- Education: Birmingham University
- Occupations: Businessman, healthcare manager

= Tim Smart (businessman) =

British businessman

Tim Smart is a British businessman and, from May to September 2016, was the Chairman of Southern Health NHS Foundation Trust. He was Chief Executive of King's College Hospital NHS Foundation Trust from 2008 to November 2015.

==Education==
Smart graduated from Birmingham University with a BSocSc degree in Economics in 1979.

==Other work==
Before joining the NHS, Smart had a thirty-year career in the commercial sector, first with Shell and then with BT. Prior to his appointment at King's, Smart was Managing Director of BT Global Services UK. Smart was responsible for all of BT Global's business with the UK government and large enterprises in the UK, including the NHS. Smart has worked in the Middle East, the Netherlands and the United States. He was a non-executive director of a US-listed financial services company. He has been a Trustee of two national charities. Smart is an elected member of the Foundation Trust Network Board.
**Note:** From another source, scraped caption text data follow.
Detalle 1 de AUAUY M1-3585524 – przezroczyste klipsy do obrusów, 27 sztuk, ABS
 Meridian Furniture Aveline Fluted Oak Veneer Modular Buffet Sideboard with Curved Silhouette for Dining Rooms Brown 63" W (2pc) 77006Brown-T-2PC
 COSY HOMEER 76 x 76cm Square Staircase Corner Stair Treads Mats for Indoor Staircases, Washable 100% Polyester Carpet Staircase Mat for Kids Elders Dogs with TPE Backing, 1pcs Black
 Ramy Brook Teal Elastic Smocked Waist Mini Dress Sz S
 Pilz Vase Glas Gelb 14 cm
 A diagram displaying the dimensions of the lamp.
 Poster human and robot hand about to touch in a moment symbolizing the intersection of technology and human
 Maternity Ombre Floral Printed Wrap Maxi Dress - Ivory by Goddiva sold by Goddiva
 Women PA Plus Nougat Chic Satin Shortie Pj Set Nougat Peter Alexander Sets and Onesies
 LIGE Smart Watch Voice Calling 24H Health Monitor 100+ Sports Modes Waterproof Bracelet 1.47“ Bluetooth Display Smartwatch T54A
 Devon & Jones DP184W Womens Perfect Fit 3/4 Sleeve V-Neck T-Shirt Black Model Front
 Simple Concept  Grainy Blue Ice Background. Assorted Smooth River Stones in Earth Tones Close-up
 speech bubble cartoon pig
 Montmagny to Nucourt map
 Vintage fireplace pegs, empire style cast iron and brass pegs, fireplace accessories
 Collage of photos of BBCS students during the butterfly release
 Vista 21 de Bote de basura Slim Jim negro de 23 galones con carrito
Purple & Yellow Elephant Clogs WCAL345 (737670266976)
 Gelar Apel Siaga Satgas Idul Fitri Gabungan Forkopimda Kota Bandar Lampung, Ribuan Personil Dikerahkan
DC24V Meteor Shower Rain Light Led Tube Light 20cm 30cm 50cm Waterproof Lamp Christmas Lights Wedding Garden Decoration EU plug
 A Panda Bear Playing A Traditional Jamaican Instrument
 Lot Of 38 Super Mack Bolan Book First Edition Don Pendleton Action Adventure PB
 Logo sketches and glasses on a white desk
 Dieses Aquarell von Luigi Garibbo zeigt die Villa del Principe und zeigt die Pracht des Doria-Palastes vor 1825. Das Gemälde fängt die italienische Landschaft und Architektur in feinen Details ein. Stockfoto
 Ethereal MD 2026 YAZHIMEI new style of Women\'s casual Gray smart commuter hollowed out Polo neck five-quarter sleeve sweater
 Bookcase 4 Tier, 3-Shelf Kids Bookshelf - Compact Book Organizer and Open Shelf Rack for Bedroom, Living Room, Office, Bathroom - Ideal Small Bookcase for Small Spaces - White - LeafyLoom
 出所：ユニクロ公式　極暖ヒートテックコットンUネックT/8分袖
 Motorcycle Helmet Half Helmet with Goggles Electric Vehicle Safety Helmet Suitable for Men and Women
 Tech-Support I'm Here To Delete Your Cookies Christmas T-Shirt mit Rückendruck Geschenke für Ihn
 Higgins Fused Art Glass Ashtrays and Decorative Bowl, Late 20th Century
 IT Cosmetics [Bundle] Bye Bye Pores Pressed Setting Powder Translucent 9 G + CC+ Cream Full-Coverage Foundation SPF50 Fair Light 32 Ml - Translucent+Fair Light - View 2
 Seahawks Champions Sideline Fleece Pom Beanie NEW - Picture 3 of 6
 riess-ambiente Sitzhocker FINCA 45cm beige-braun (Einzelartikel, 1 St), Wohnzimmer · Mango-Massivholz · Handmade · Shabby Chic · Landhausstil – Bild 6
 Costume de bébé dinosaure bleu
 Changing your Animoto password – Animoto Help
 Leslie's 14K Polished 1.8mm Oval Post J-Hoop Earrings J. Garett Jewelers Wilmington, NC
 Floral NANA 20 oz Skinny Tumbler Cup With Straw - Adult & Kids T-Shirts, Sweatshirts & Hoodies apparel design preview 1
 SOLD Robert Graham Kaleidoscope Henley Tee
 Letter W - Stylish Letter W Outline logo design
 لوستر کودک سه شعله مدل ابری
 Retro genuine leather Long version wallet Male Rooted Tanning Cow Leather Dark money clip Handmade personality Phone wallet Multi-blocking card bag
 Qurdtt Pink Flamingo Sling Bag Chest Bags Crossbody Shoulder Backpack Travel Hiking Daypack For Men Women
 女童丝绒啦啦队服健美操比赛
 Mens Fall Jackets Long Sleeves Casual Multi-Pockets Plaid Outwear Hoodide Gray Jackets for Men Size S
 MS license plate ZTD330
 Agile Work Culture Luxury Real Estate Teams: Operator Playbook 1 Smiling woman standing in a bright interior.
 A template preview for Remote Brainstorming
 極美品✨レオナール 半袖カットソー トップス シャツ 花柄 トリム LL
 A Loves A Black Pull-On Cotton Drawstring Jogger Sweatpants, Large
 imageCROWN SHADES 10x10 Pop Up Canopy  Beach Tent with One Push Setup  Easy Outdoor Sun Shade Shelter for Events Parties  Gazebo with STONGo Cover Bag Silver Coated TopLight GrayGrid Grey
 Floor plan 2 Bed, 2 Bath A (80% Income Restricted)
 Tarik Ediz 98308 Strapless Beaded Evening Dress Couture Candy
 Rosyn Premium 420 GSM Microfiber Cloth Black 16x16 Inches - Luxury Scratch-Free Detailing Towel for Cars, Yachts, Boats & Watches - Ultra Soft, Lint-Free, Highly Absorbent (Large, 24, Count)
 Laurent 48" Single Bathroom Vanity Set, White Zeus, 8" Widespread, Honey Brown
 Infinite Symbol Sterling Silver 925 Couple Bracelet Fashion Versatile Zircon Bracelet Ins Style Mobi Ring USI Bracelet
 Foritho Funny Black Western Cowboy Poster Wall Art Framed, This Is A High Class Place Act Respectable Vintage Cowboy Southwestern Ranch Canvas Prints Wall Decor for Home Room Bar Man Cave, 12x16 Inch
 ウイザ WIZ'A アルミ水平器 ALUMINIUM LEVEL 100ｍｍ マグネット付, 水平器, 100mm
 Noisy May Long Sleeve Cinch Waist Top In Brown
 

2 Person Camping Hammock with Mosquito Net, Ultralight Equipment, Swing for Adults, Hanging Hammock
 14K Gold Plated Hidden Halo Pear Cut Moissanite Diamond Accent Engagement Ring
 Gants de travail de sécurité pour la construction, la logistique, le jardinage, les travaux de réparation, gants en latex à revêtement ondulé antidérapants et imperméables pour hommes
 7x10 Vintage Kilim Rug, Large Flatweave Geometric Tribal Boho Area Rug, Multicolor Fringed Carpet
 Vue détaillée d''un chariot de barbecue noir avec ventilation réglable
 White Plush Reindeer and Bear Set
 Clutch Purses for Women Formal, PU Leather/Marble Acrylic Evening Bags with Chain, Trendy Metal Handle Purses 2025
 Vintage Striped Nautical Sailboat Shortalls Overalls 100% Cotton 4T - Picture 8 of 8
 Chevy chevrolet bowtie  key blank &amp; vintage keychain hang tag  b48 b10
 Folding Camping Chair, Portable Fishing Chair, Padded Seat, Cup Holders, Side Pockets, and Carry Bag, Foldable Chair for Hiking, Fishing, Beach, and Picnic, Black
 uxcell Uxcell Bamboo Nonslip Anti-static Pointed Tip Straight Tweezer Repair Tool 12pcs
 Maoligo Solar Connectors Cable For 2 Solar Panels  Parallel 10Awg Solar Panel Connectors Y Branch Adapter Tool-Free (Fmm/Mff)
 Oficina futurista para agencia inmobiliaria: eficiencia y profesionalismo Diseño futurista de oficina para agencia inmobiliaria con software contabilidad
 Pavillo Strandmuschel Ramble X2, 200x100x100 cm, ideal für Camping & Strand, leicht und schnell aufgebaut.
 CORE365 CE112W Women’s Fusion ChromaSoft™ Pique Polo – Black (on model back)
==King's College Hospital NHS Foundation Trust==
Smart was appointed Chief Executive of King's College Hospital NHS Foundation Trust in November 2008. While he was Chief Executive the Trust took over responsibility for the Princess Royal University Hospital and Orpington Hospital, as well as responsibility for running some clinical services at Queen Mary's Hospital, Sidcup, Beckenham Beacon and Sevenoaks Hospital. Smart established KCH Commercial Services as the Trust's commercial arm. Work started on a new helipad at the Trust while Smart was in charge, to help in major trauma cases. The Trust serves a population of over 700,000 and has over 6,000 employees. It is one of London's largest teaching hospitals, providing healthcare to three London boroughs as well a range of specialist services for patients across southeast England. The trust plays a key role in the training and education of medical, nursing and dental students, and is recognised for its work in blood cancers, stroke and major trauma, cardiac services, liver disease and transplantation, foetal medicine, and neurosciences. Smart was the 14th highest paid NHS manager in the UK in 2011, and so was one of the at least 660 NHS managers who earned more than the UK Prime Minister.